Big Data Sentiment Analysis based on PLSA and its Application
Ebenezer Komla Gavua1, Seth Okyere-Dankwa2, Gignarta Kasaye Soka3
1Ebenezer Komla Gavua, Koforidua Technical University, Ghana, India.
2Seth Okyere-Dankwa, Koforidua Technical University, Ghana, India.
3Gignarta Kasaye Soka, Omaha, Nebraska, USA, India.
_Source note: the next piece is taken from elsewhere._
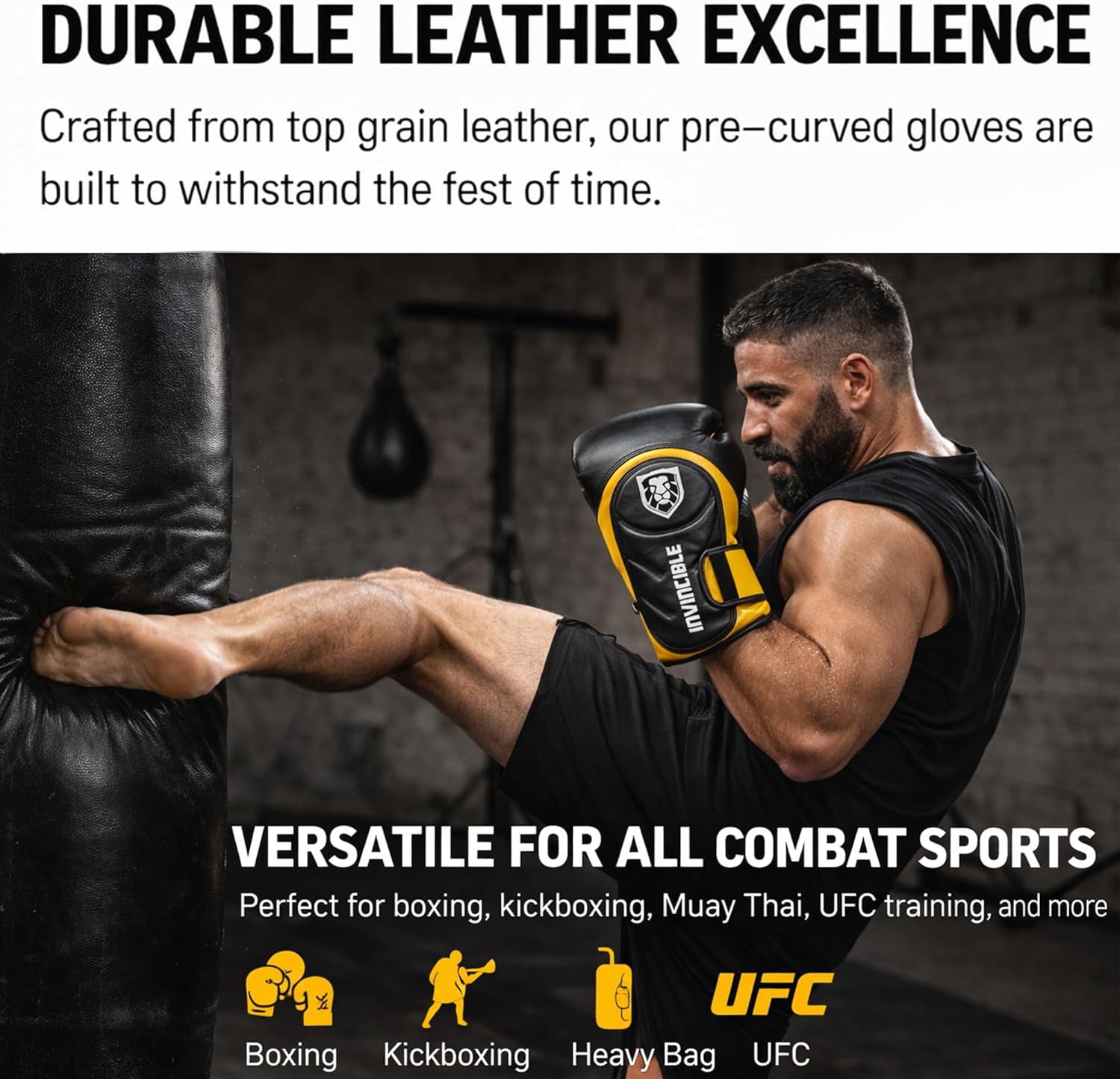 Invincible Fight Gear Professional Hook and Loop Leather Training Boxing Gloves v2.0 - Ideal for Boxing, Kickboxing, Muay Thai, MMA for Men Women and Kids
Manuscript received on August 21, 2017. | Revised Manuscript received on August 28, 2017. | Manuscript published on September 05, 2017. | PP: 35-42 | Volume-7 Issue-4, September 2017. | Retrieval Number: D3047097417/2017©BEIESP
Open Access | Ethics and Policies | Cite
©The Authors. Published By: Blue Eyes Intelligence Engineering and Sciences Publication (BEIESP). This is an open access article under the CC BY-NC-ND license (http://creativecommons.org/licenses/by-nc-nd/4.0/
Abstract: Posting reviews online has become an increasingly popular way for people to express opinions and sentiments toward products bought or services received. Analyzing the large volume of online reviews available would produce useful actionable knowledge that could be of economic value to vendors and other interested parties. This study conducted a case study in the movie domain, and tackles the problem of mining reviews for predicting product sales performance. Based on an analysis of the complex nature of sentiments, this paper studies Sentiment PLSA (S-PLSA), in which a blog entry is viewed as a document generated by a number of hidden sentiment factors. Training an S-PLSA model on the blog data enables us to obtain a succinct summary of the sentiment information embedded in the blogs. The study then presents SAAR, a sentiment-aware autoregressive model, to utilize the sentiment information captured by S-PLSA for predicting product sales performance. Extensive experiments were conducted on a movie data set. In this study SAAR is compared with alternative models that do not take sentiment information into account; as well as a model with different feature selection methods. Experiments confirm the effectiveness and superiority of the approach studied.
Keywords: Blog mining, Hadoop, MapReduce.